Set theory, probability & combinatorics: the basics, for leaders

A recruiter tells you 70% of your applicants have a degree and 60% have hands-on experience, so "most candidates have both." A board member is sure the rare-but-positive test result means the problem is almost certainly real. A planner promises to "try every combination" of a six-step process by Friday. Each statement is wrong, and the same three pieces of basic maths explain why.

The quick version

Sets are about overlap. Two groups that each cover most of a population can still share very little, "70% and 60%" does not mean "most have both."
Probability is about how often something happens in the long run, and it bends hard around base rates, how common the thing was before you got any evidence.
Combinatorics is about counting arrangements. The number of ways to combine choices explodes so fast that "test everything" is usually a fantasy, not a plan.
You don't need the formulas. You need the three habits of mind they install, and to spot when a confident claim has skipped one.

The idea in depth

None of this is new, and none of it is hard once you see it as three questions rather than three branches of mathematics. The questions are: what belongs together? (sets), how likely is it? (probability), and how many ways can it be arranged? (combinatorics). Below, each one comes with the theory, the leadership trap it explains, and the move it asks you to make.

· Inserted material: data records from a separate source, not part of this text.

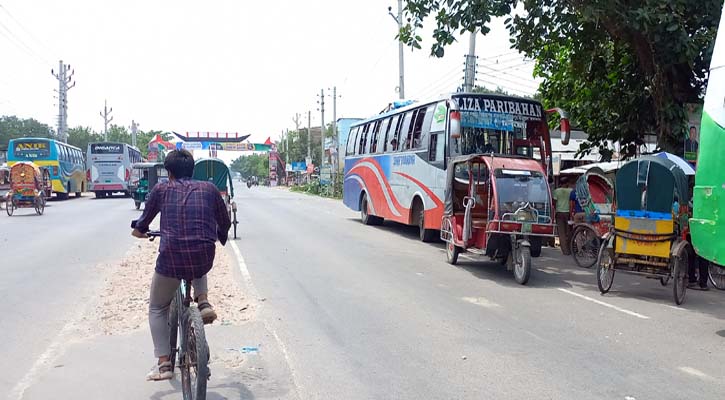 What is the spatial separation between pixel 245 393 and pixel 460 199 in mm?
8673

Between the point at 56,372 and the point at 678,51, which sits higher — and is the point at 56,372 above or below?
below

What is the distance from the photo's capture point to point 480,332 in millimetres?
6855

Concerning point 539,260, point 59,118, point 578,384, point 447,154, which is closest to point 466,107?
point 447,154

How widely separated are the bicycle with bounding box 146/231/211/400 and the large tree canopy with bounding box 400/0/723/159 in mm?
8500

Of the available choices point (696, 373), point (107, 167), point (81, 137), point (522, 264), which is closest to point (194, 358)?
point (696, 373)

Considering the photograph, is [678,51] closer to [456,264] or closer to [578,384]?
[456,264]

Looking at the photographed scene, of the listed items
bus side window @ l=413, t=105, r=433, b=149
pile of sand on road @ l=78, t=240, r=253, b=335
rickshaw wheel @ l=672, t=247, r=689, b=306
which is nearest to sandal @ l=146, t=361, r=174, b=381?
pile of sand on road @ l=78, t=240, r=253, b=335

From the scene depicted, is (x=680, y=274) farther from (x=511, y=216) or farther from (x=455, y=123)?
(x=455, y=123)

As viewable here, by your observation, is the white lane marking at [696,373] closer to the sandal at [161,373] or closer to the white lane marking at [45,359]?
the sandal at [161,373]

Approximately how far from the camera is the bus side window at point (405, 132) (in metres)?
16.6

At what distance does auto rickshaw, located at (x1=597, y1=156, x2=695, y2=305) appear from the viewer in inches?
349

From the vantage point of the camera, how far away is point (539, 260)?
1314 cm

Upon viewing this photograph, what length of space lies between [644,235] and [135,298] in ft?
22.5

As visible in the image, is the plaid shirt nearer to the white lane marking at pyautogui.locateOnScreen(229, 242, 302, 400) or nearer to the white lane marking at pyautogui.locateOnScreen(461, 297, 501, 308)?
the white lane marking at pyautogui.locateOnScreen(229, 242, 302, 400) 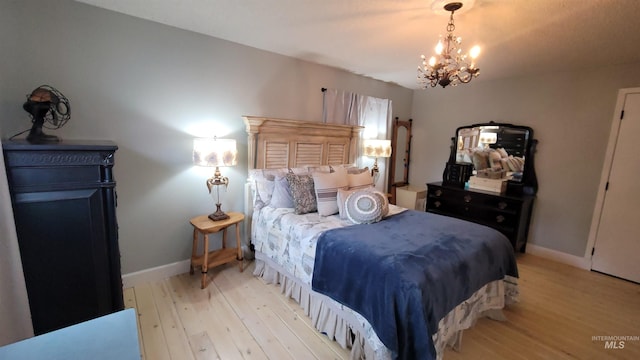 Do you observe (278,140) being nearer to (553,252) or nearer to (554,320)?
(554,320)

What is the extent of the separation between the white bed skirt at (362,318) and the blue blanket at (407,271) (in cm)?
9

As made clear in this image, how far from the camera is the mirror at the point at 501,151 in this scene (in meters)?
3.49

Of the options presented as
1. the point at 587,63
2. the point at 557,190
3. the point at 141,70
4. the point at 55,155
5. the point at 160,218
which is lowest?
the point at 160,218

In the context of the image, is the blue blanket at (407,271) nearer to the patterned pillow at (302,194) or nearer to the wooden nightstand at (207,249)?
the patterned pillow at (302,194)

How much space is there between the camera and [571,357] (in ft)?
5.94

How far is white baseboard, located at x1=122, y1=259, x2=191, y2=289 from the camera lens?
7.82ft

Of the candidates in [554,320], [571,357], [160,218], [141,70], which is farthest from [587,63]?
[160,218]

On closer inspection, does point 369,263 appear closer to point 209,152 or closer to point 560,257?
point 209,152

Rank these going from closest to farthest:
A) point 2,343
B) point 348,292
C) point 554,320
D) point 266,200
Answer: point 2,343 → point 348,292 → point 554,320 → point 266,200

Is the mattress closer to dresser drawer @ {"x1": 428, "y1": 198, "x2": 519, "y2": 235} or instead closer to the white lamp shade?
dresser drawer @ {"x1": 428, "y1": 198, "x2": 519, "y2": 235}

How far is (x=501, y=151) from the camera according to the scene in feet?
12.1

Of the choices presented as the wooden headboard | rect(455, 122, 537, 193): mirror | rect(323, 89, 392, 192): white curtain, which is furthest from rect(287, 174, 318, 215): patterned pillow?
rect(455, 122, 537, 193): mirror

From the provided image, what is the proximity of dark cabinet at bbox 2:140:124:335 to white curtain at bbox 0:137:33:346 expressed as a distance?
109 millimetres

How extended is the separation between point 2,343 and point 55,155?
0.93 m
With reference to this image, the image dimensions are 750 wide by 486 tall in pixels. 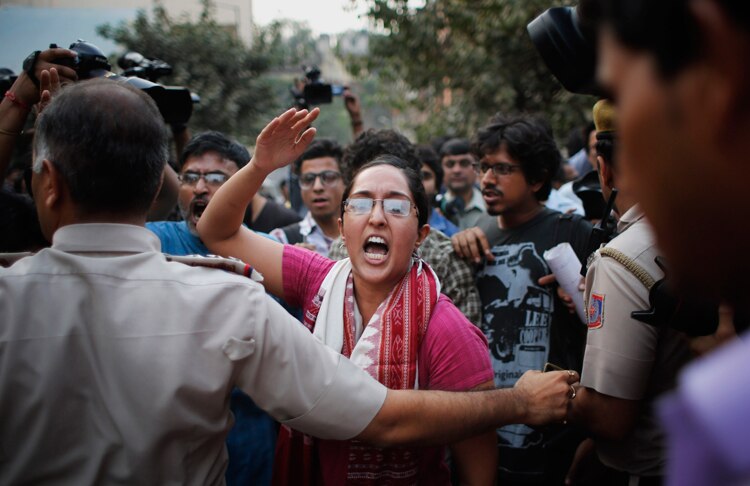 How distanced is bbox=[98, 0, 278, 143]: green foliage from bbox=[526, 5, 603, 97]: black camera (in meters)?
12.8

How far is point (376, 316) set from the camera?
7.25ft

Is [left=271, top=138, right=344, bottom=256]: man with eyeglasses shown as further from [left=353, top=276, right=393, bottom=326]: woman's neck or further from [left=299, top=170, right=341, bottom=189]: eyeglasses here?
[left=353, top=276, right=393, bottom=326]: woman's neck

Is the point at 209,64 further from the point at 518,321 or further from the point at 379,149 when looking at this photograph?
the point at 518,321

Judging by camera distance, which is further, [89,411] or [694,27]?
[89,411]

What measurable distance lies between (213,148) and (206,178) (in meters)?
0.20

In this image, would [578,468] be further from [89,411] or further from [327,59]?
[327,59]

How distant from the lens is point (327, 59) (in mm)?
63656

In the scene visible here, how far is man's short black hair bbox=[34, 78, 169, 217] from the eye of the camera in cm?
145

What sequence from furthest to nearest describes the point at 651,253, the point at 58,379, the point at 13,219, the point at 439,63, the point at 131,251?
the point at 439,63 < the point at 13,219 < the point at 651,253 < the point at 131,251 < the point at 58,379

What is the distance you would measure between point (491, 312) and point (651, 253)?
1278 millimetres

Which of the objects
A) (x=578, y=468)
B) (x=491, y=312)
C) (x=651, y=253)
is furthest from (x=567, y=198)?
(x=651, y=253)

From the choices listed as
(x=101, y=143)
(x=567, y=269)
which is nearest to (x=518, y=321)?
(x=567, y=269)

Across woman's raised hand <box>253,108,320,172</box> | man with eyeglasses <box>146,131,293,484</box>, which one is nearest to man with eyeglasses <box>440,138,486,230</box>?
man with eyeglasses <box>146,131,293,484</box>

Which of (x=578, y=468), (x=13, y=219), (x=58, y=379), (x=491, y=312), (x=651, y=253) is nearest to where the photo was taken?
(x=58, y=379) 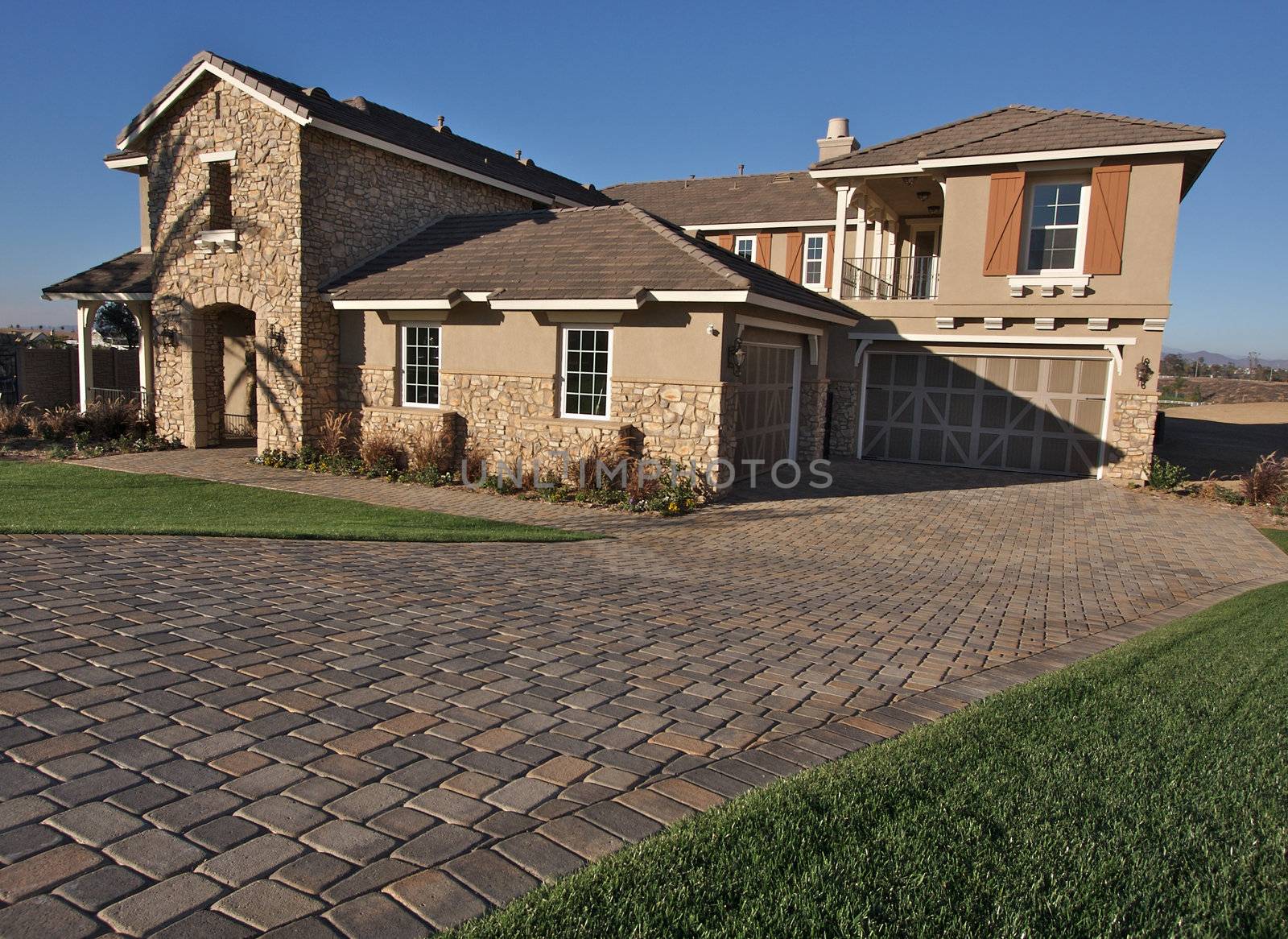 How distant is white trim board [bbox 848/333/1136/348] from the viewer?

Sets: overlap is not addition

Set theory was built by the German mathematician Georg Cantor in a series of papers from 1874 onward, the formal study of collections, what's in a group, what's shared between groups, what's left out (MacTutor History of Mathematics; Britannica). You met it as Venn diagrams. The one rule that matters at work is the inclusion–exclusion principle: to count how many things are in group A or group B, you add A and B and then subtract the overlap, because you just counted it twice.

That subtraction is where intuition fails. Two big sets in a small world are forced to overlap a lot, but two big sets in a large world need not overlap at all. "70% have a degree, 60% have experience" tells you the overlap is somewhere between 30% and 60%, and nothing narrower until you actually measure it. So the move is: when someone hands you two percentages and a conclusion about "both," ask for the intersection directly. Never add or assume it.

flowchart LR
  A(["Have a degree, 70%"]) --- O(("Overlap:
measure it,
don't assume"))
  B(["Have experience, 60%"]) --- O
  O --> R("'Both' could be
anywhere from 30% to 60%")

Two overlapping groups: the share with both traits is the intersection, which the two headline numbers alone can't pin down. Leaders Loop

Probability: the base rate does the heavy lifting

Probability is the long-run frequency of an outcome, and the most useful tool in it is Bayes' theorem, a rule for updating a belief when new evidence arrives. You rarely need to compute it. You need its core lesson: evidence is read against a starting point, the base rate, and people routinely ignore that starting point. Daniel Kahneman and Amos Tversky described this, they called it "insensitivity to prior probability," and it's since become known as base-rate neglect, in "On the psychology of prediction" (Psychological Review, 1973): shown a vivid description and a known population split, people judge by how well the description fits a stereotype and discard how common each group actually is.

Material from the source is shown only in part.